• Work instructions: In the records below, find the line with "Live cam Roses" and repeat it and every line after it, exactly, without any pictures.

• Pictures with short captions:
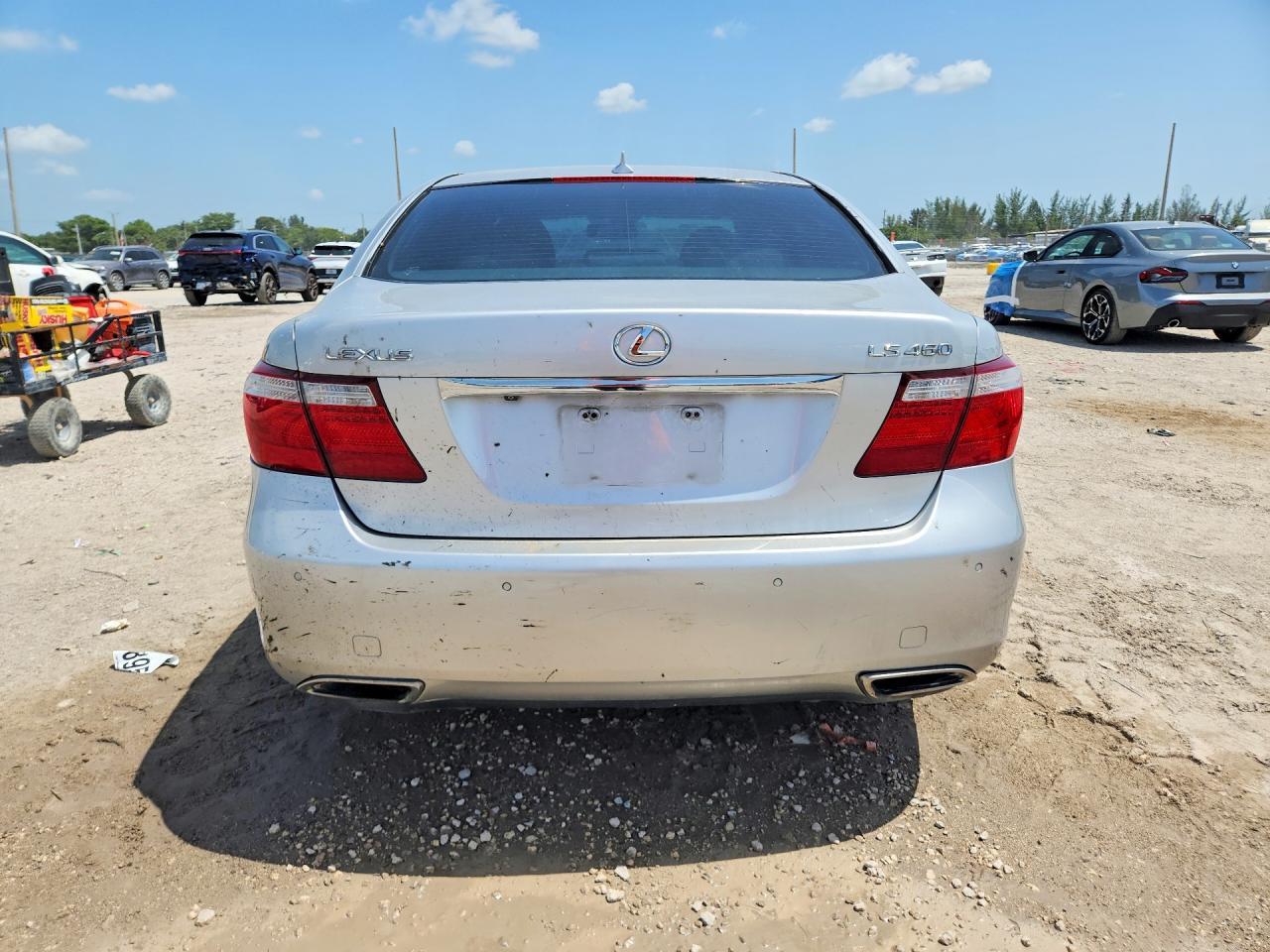 2008 Lexus Ls 460 - Фото 6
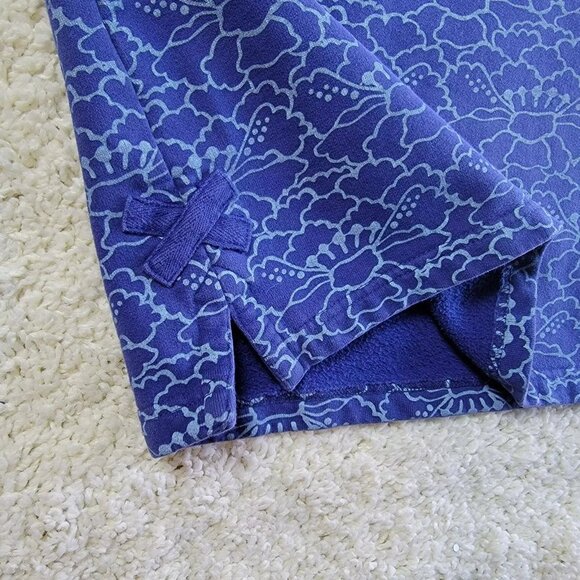 Lazy Jacks Pullover Women's Size 14 Sea Shell Print 100% Cotton High Neck - Picture 8 of 11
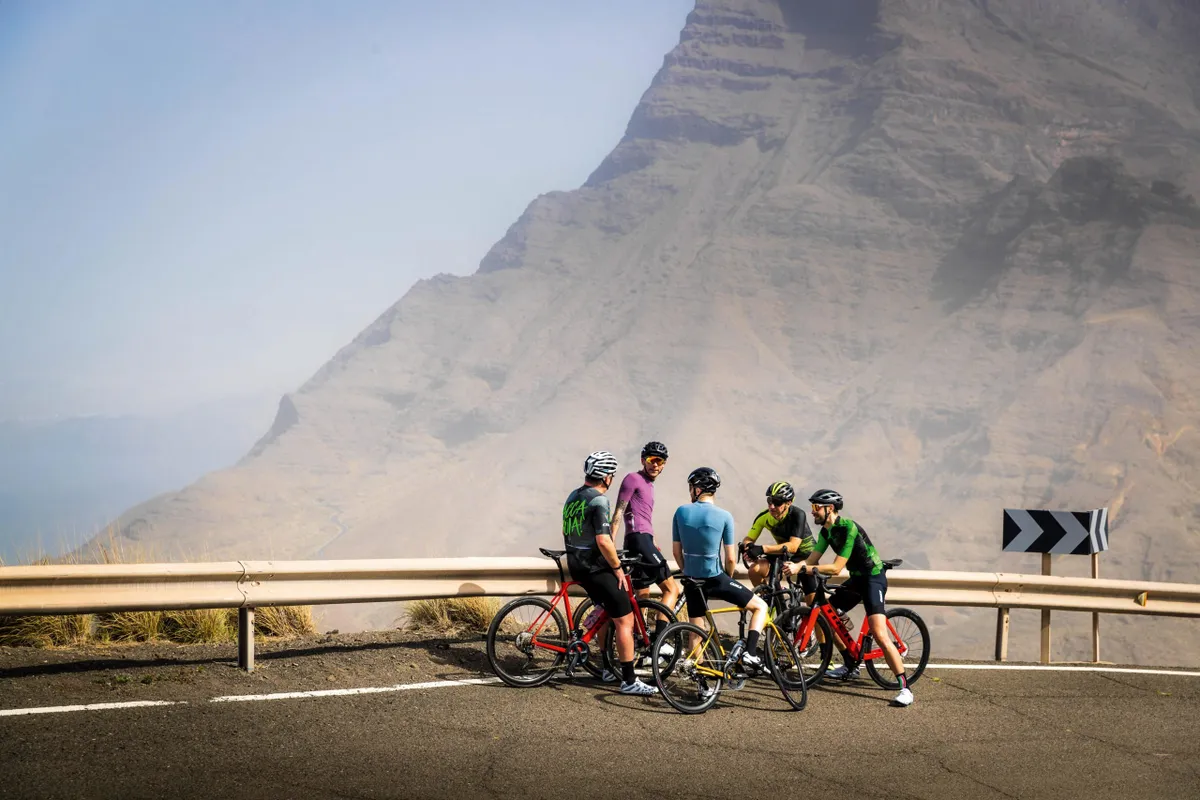 Bike of the Year 2020 testing in the mountains of Gran Canaria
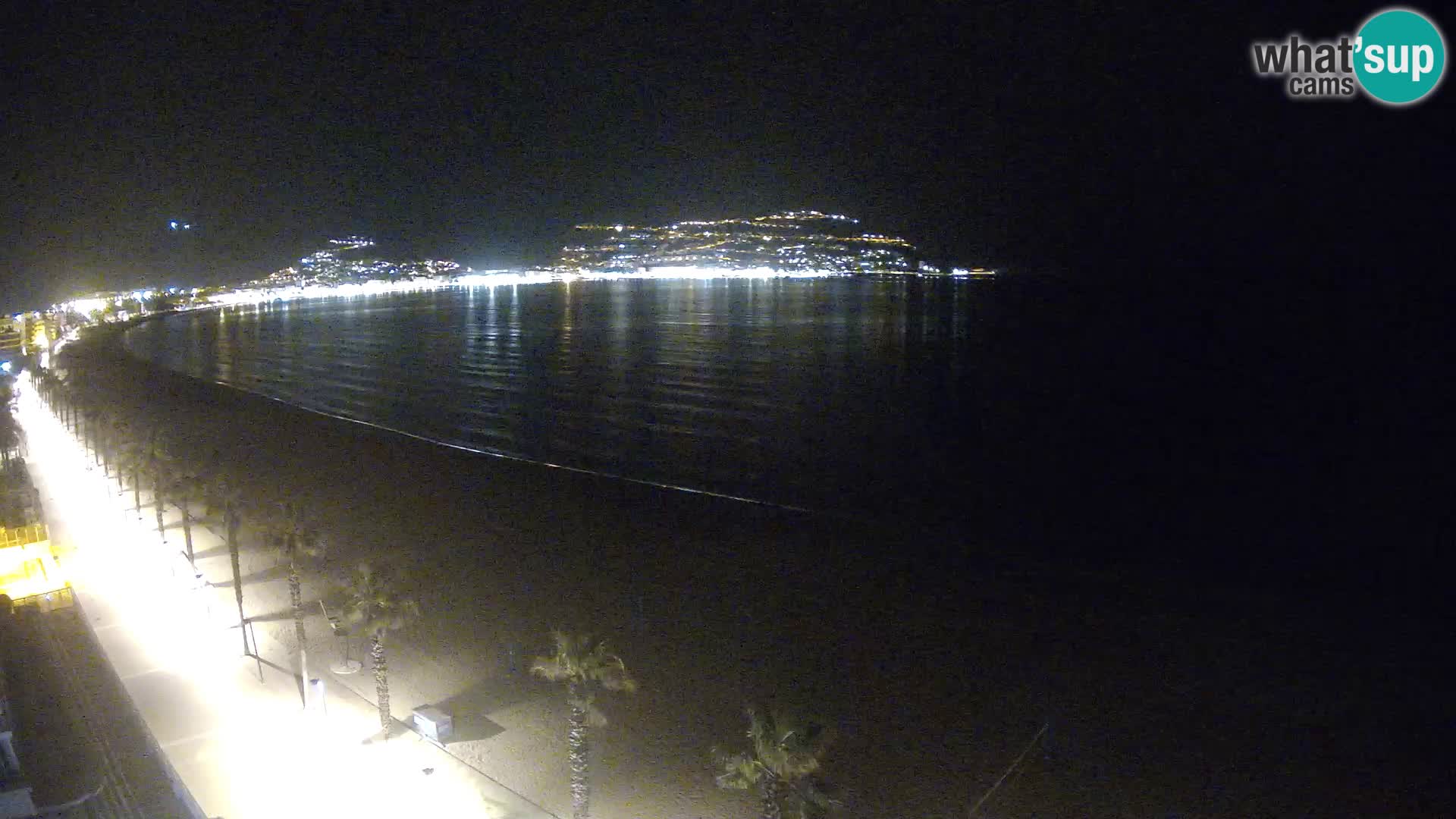 Live cam Roses  – Costa Brava spiaggia – Hotel MonteCarlo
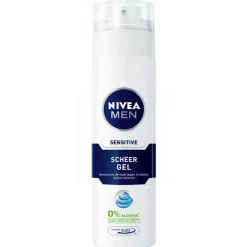 6x Scheergel Sensitive 200 ml^NIVEA Men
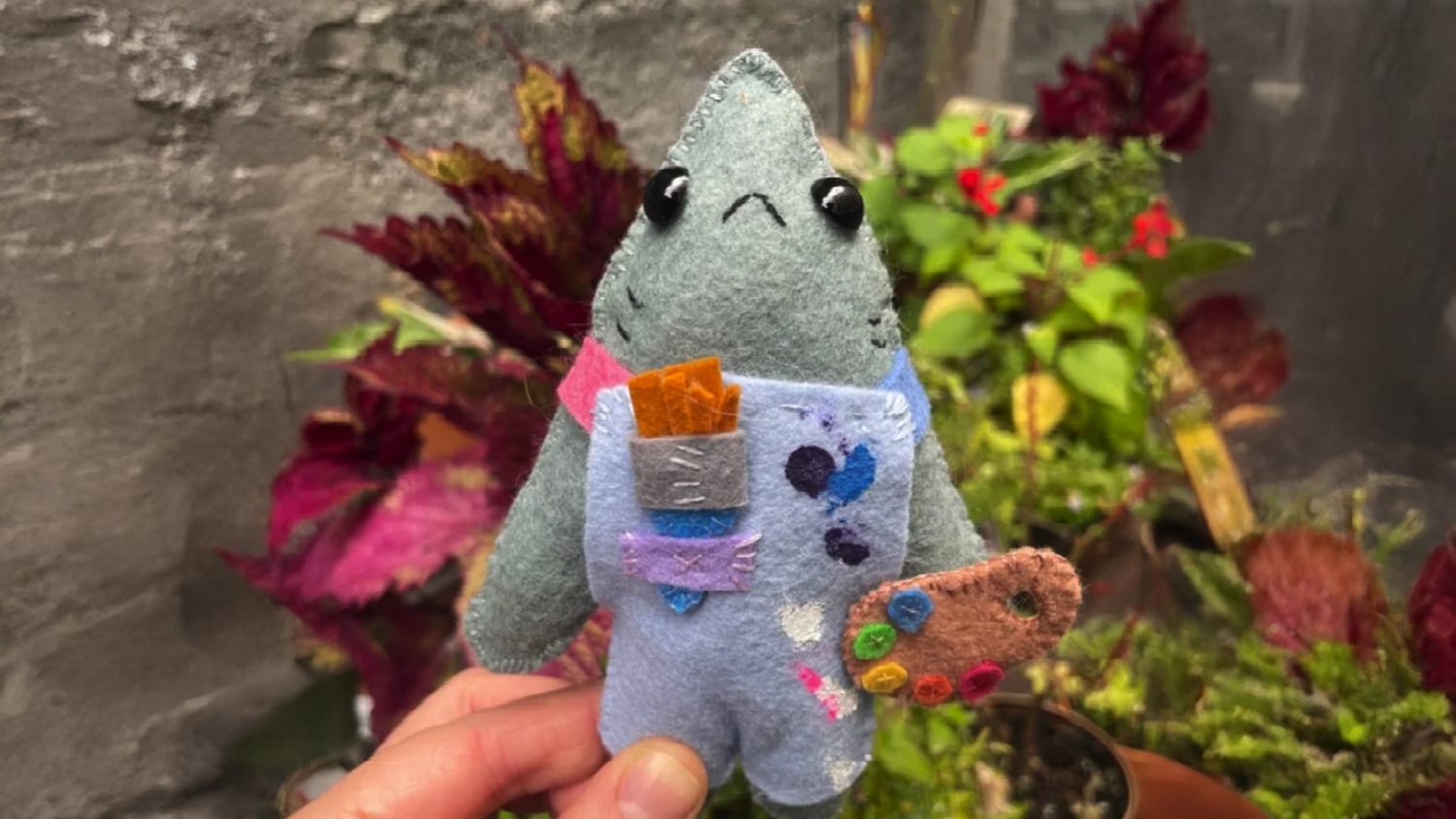 Animal Plushies by Monica (Zalog Arts)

• Problem solution:
 Live cam Roses  – Costa Brava spiaggia – Hotel MonteCarlo
 6x Scheergel Sensitive 200 ml^NIVEA Men
 Animal Plushies by Monica (Zalog Arts)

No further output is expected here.